▶ [TO DO]: Transcribe exactly, and only, the lines from the one containing "Zdjęcie wykonane przez" through the end of the entries below, leaving the pictures out.

▶ [DATA FOR ANALYSIS]:
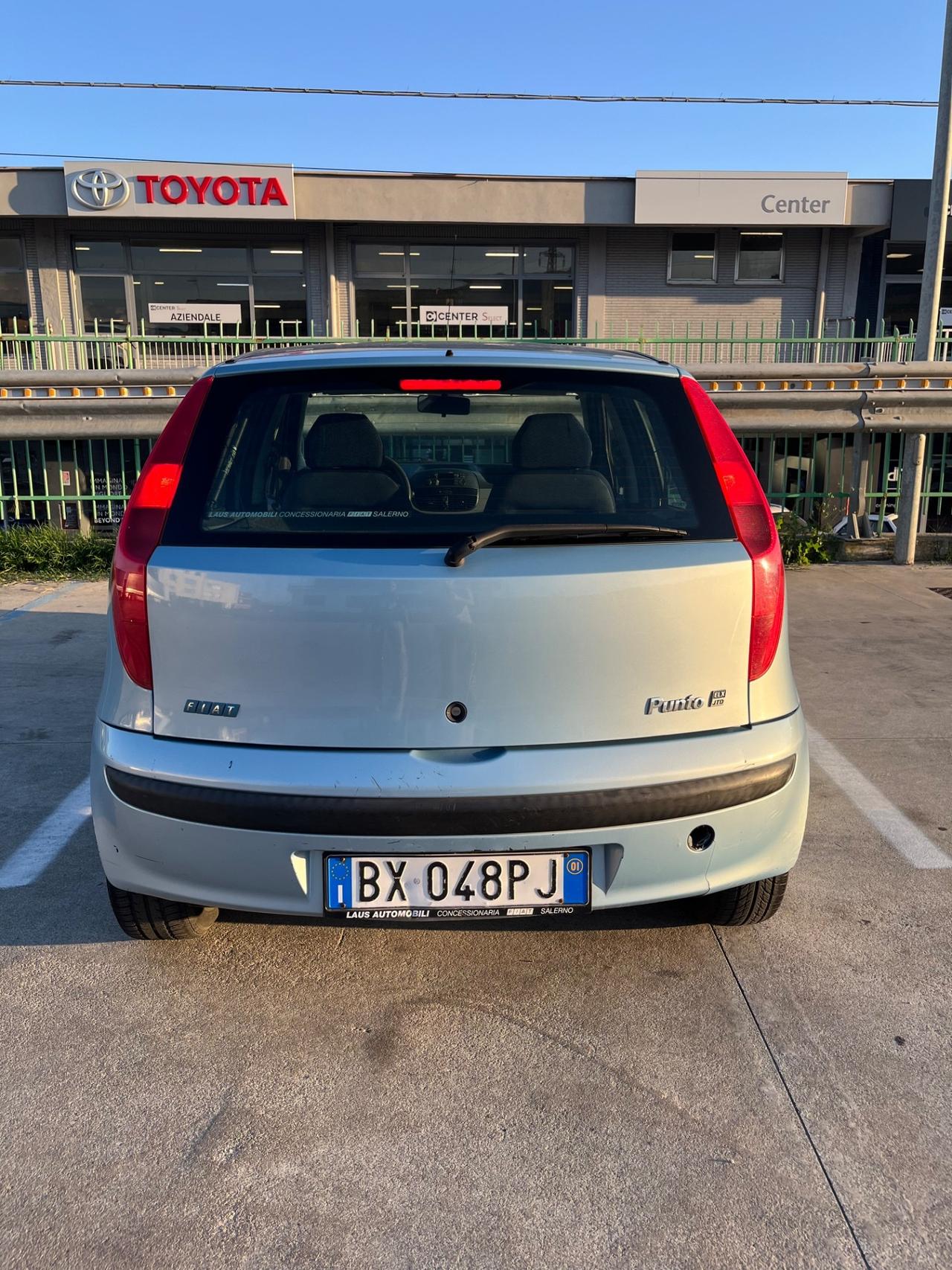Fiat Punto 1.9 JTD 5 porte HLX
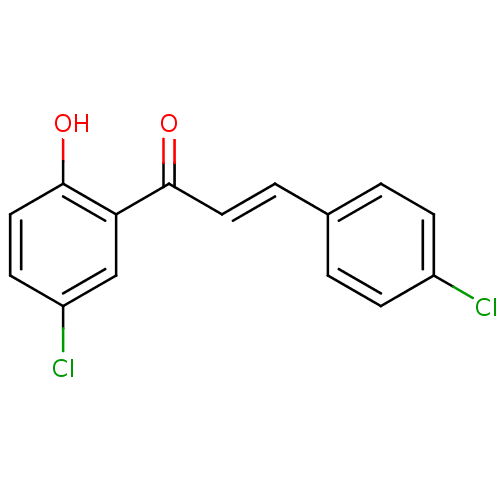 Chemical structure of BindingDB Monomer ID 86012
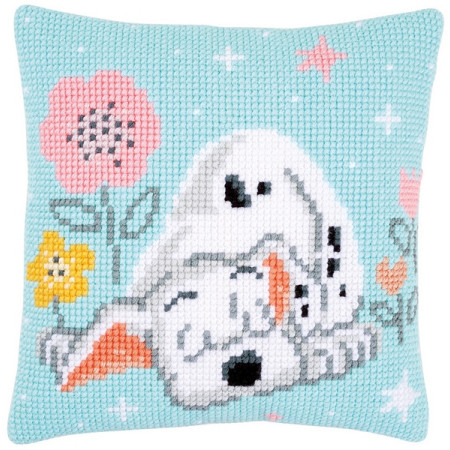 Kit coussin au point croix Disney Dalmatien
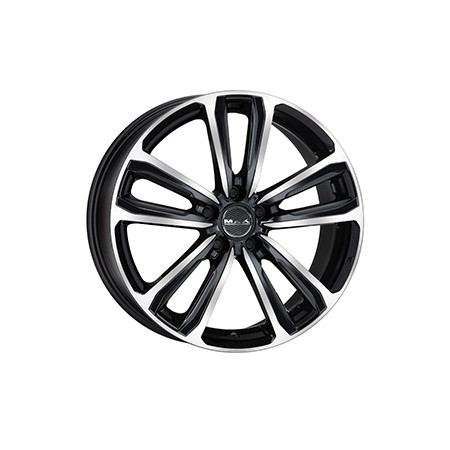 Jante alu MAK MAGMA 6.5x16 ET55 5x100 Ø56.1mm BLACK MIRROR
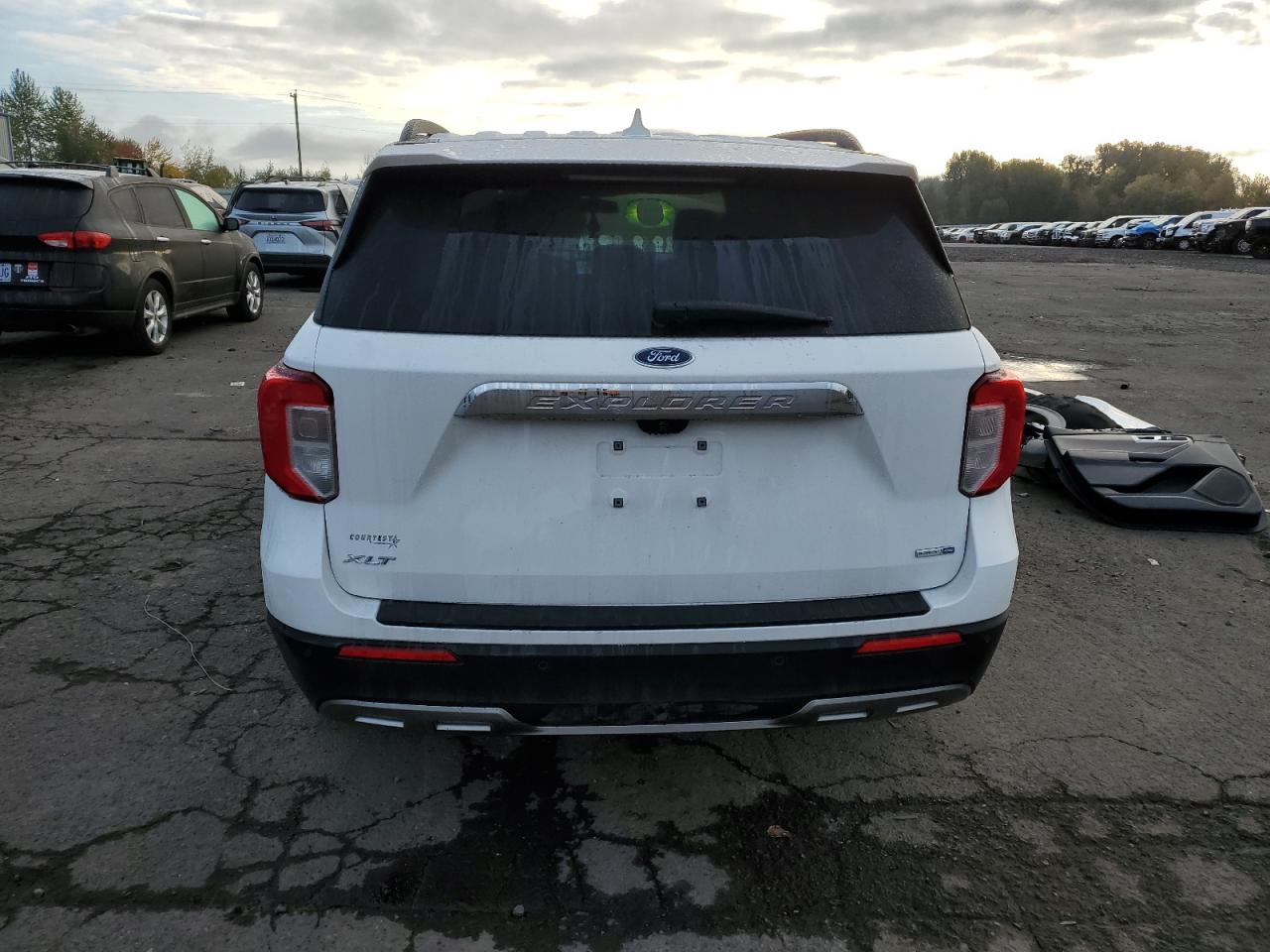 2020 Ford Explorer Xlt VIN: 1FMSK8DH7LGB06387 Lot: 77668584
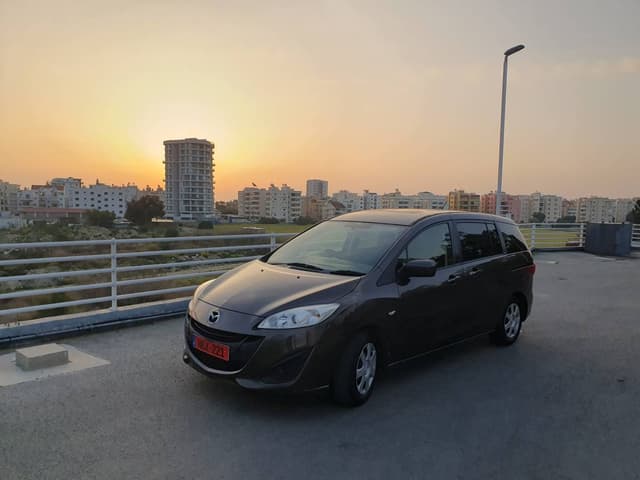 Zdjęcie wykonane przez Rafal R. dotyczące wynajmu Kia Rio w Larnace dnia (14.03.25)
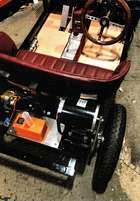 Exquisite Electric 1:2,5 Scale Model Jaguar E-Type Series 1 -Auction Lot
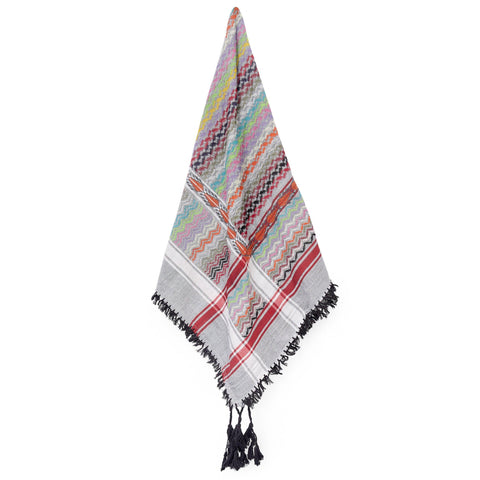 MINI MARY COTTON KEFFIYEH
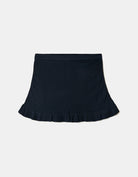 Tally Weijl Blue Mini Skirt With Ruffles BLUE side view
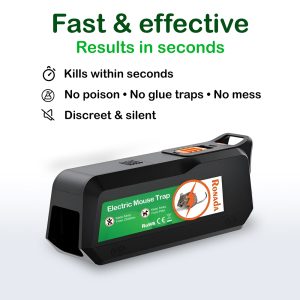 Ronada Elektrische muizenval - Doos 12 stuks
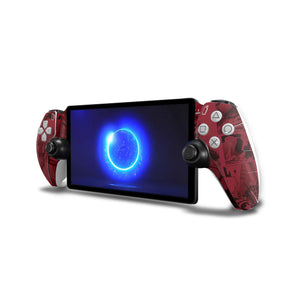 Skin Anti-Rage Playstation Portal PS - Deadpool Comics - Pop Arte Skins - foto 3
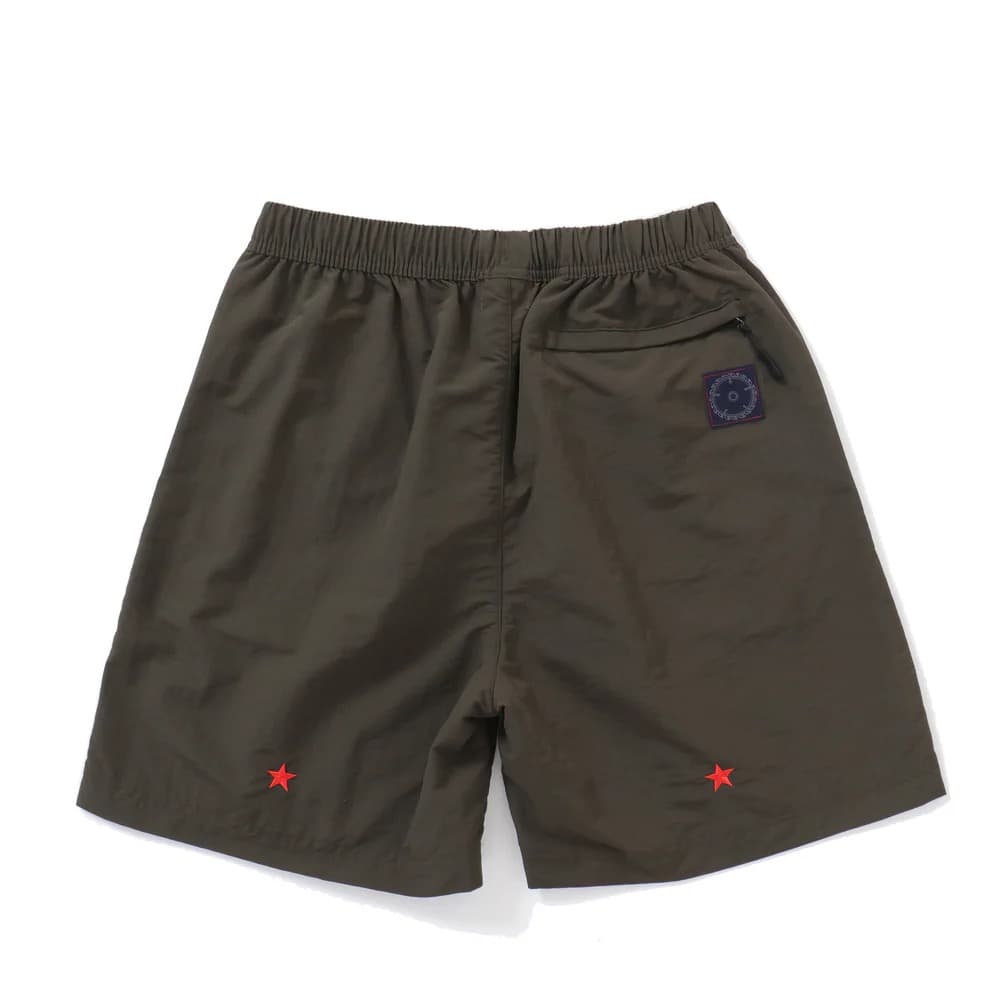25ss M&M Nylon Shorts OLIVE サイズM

▶ [SOLUTION FOR THIS EXERCISE]:
 Zdjęcie wykonane przez Rafal R. dotyczące wynajmu Kia Rio w Larnace dnia (14.03.25)
 Exquisite Electric 1:2,5 Scale Model Jaguar E-Type Series 1 -Auction Lot
 MINI MARY COTTON KEFFIYEH
 Tally Weijl Blue Mini Skirt With Ruffles BLUE side view
 Ronada Elektrische muizenval - Doos 12 stuks
 Skin Anti-Rage Playstation Portal PS - Deadpool Comics - Pop Arte Skins - foto 3
25ss M&M Nylon Shorts OLIVE サイズM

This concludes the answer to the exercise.